There are much more types of phishing. Some of them are briefly defined under the following section.
- Keyloggers and Screenloggers are special types of malware that trace the keyboard input and send relevant information to the hacker via the Internet. They can embed themselves into users’ browsers as small utility programs known as helper objects that run automatically when the browser is started as well as into system files as device drivers or screen monitors. Eg. All the screen shots of the system can be directly sent to their e-mail IDs.
- Session Hijacking defines an attack where users’ activities are monitored until they establish their bona fide credentials. At that point, the malicious software takes over and can undertake unauthorized actions, such as transferring funds, without the user’s knowledge.
- System Reconfiguration Attacks modify settings on a user’s PC for malicious purposes. For example URLs in a favorite file might be modified to direct users to look the same websites.
- Man-in-the-Middle Phishing is harder to detect than many other forms of phishing. In these attacks, hackers position themselves between the user and the legitimate website or system.
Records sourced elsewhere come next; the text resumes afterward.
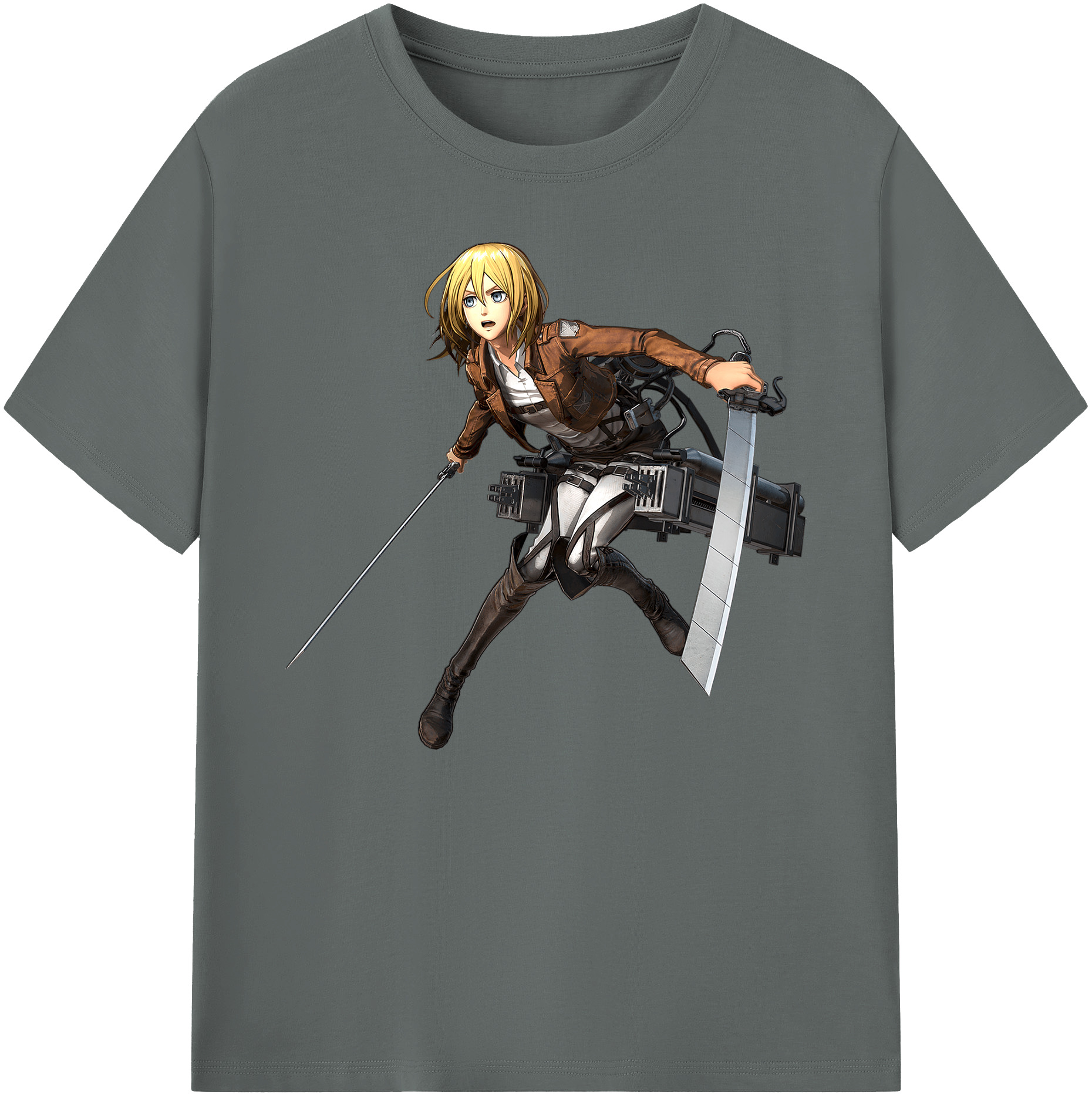 （画像用） 進撃の巨人 クリスタ·レンズ Attack on Titan Christa Lenz 綿100％ メンズ半袖Tシャツ｜肌触りやわらか＆通気性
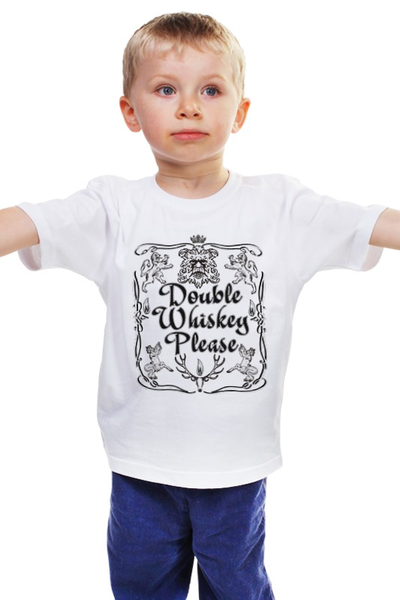 Заказать детскую футболку в Москве. Детская футболка классическая унисекс Двойной виски пожалуйста от Djimas Leonki - готовые дизайны и нанесение принтов.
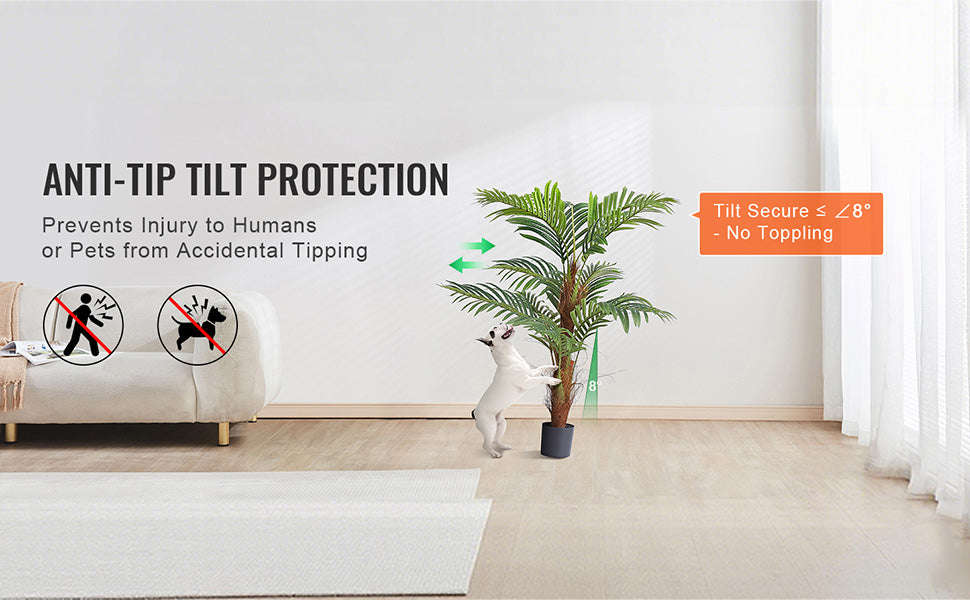 Artificial Palm Tree 4/5/6 FT Faux Plant with Anti-Tip Tilt Protection-Type 5  1PCS / United States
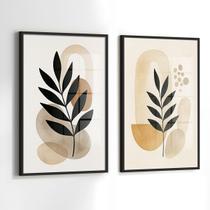 Conjunto 2 Quadros Decorativos com Moldura Caixa Folhas Bege Kit para Sala, Escritorio, Hall Cozinha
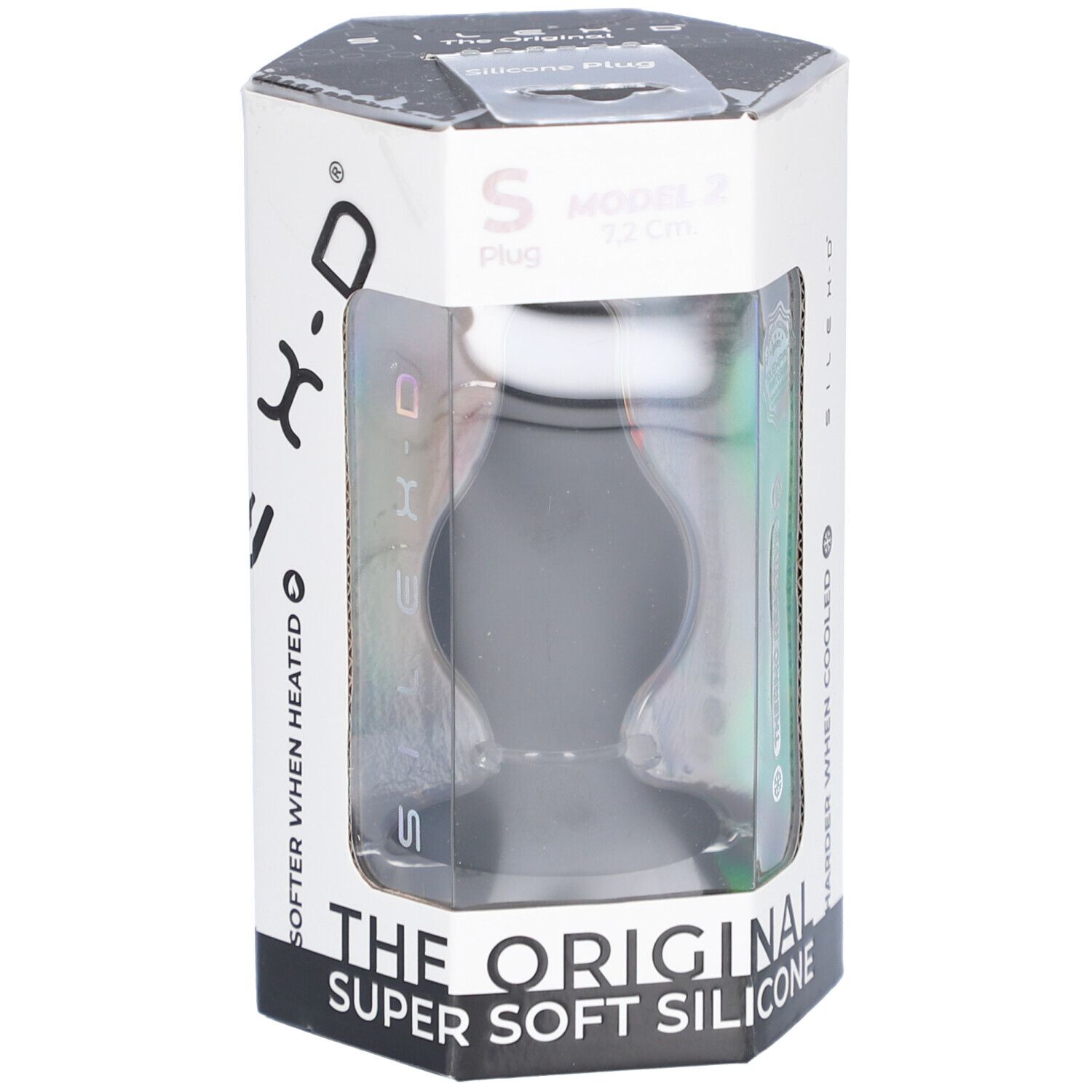 Plug in silicone nero in confezione. Modello 2, 7,2 cm. Scritta: "The Original Super Soft Silicone".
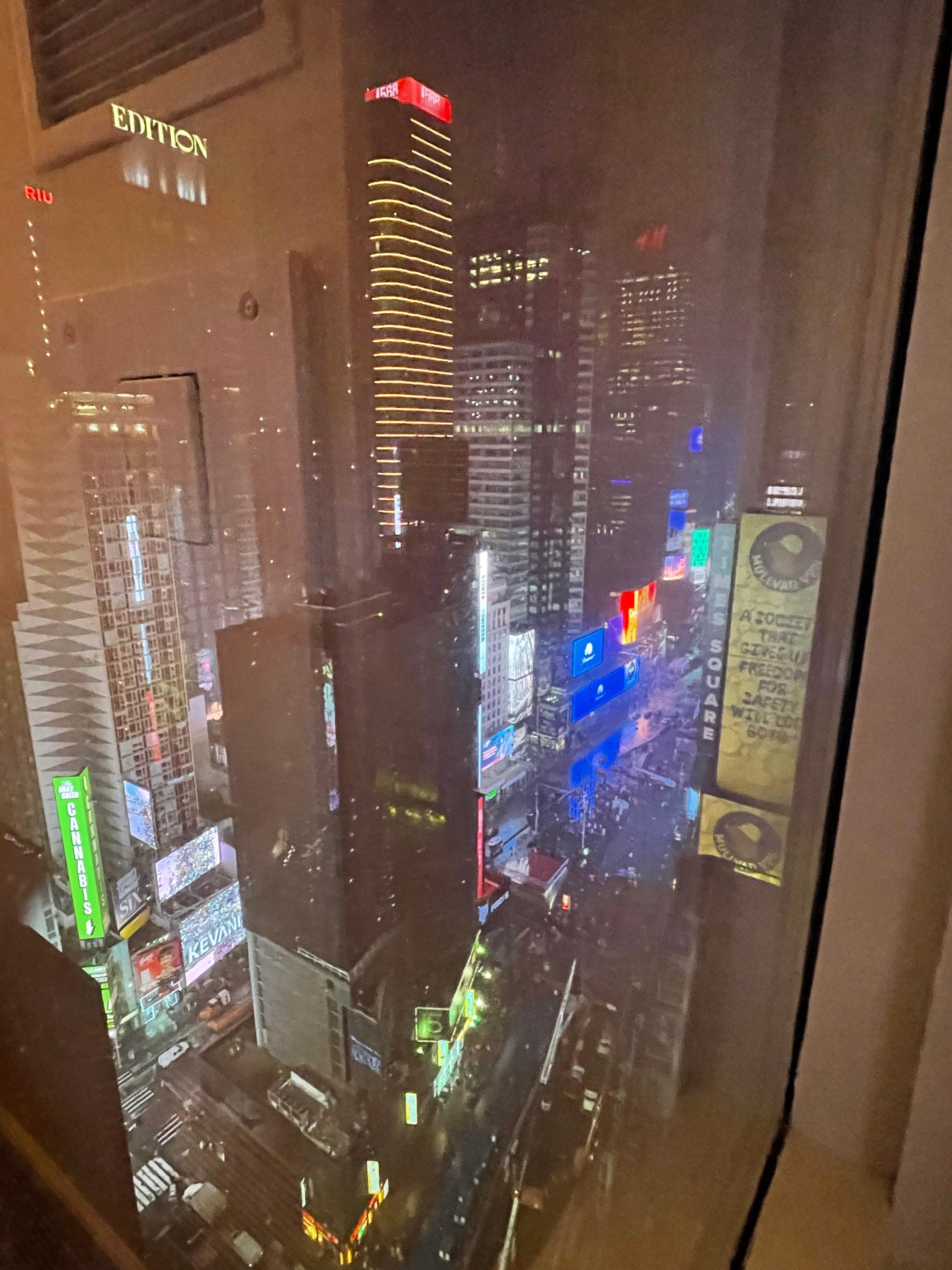 View of Time Square from the room…31st floor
They record the information being entered but continue to pass it on so that users’ transactions are not affected. Later they can sell or use the information or credentials collected when the user is not active on the system.
- Search Engine Phishing occurs when phishers create websites with attractive sounding offers and have them indexed legitimately with search engines. Users find the sites in the normal course of searching for products or services and are fooled into giving up their information.
There are several different techniques to combat phishing, including legislation and technology created specifically to protect against phishing. Most new internet browsers come with anti-phishing software.